Дамы вышли, их голоса смолкли в коридоре.
– Вы уполномоченный рейхсфюрера? – спросила Катя, как только дверь закрылась.
– Да, Ким Сэтерлэнд, гауптштурмфюрер СС, – представилась Маренн. – Я представляю отдел Е в Четвёртом управлении РСХА и лично штурмбаннфюрера СС Шелленберга, – продолжила Маренн. – И хотя на самом деле я врач и прибыла в Хельсинки совсем по другому делу, – лечить княжну Шаховскую, как вы понимаете, – уточнила она. – И под другим именем, мадам де Кле. Но сейчас мне приходится взять на себя эту роль, по просьбе моего берлинского начальства, разумеется. А вы Эльза, Екатерина Алексеевна Белозёрская, в девичестве Екатерина Опалева, подполковник НКВД, в прошлом личный агент Дзержинского, а теперь самого товарища Сталина? Это то, что мне сообщили о вас.
– Исчерпывающе, – Катя усмехнулась. – Да, это я. О чём мы будет говорить? – поинтересовалась она жёстко. – Я так понимаю, ваши люди привезли меня сюда на переговоры. Я не арестована.
– Вы не арестованы, – подтвердила Маренн. – А говорить мы будет исключительно о судьбе княгини Ливен. Никаких иных полномочий я от своего командования не имею.
– Меня это устраивает, – кивнула Катя. – Я слушаю.
– Я полагаю, нас всех бы устроило, чтобы княгиня Ливен не оставалась в Финляндии, где она может подвергнуться преследованиям со стороны финской полиции, а выехала в нейтральную страну. В данном случае, ближе всего в Швецию.

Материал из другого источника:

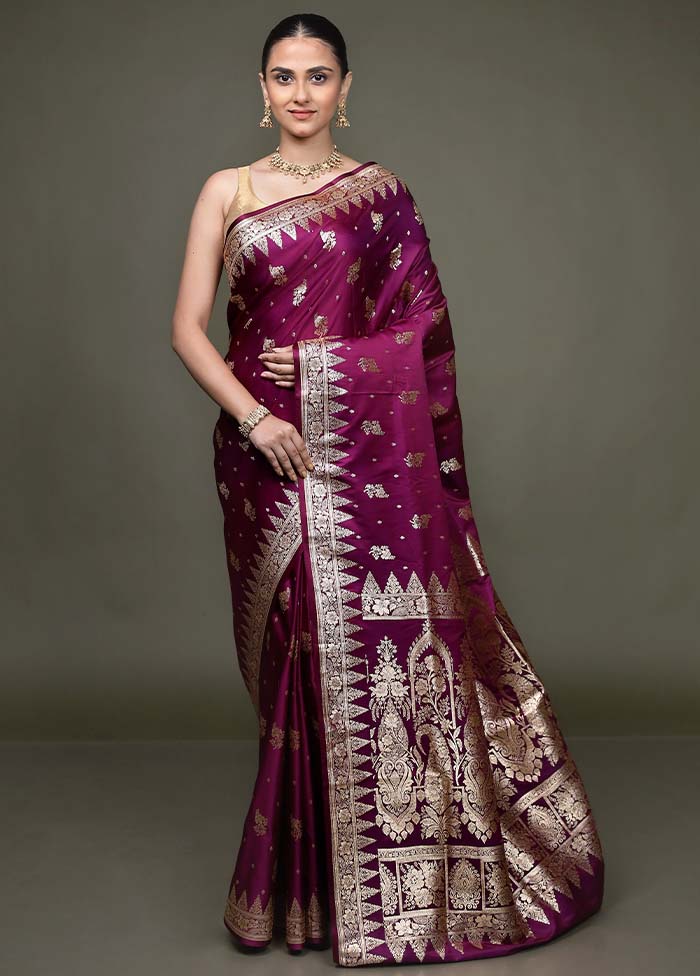 Purple Banarasi Silk Saree With Blouse Piece - Image 2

Наше посольство оформило для княгини Ливен все документы на выезд, – Маренн раскрыла перед Катей папку, которую принесла с собой. – С Берлином согласовано, что мы можем предоставить для её эвакуации наш переход в Кеми. Так, в связи с ведением военных действий в Финском заливе и прилегающих акваториях, всякие передвижения здесь на юге опасны. Лучше воспользоваться северными гаванями, тем более, что там установился довольно прочный лед, и перейти можно беспрепятственно.
– Вы предлагаете мне забрать княгиню Ливен и отправиться вместе с ней в Швецию через Кеми? – спросила Катя серьёзно.
– Да, так и есть, – согласилась Маренн. – До Кеми вас будут сопровождать наши люди, чтобы избежать ненужного любопытства финской полиции.
– Вы знаете, я спецагент, и мне запрещено пользоваться, так сказать, «услугами» иных, даже дружественных на данный момент спецслужб, – заметила Катя.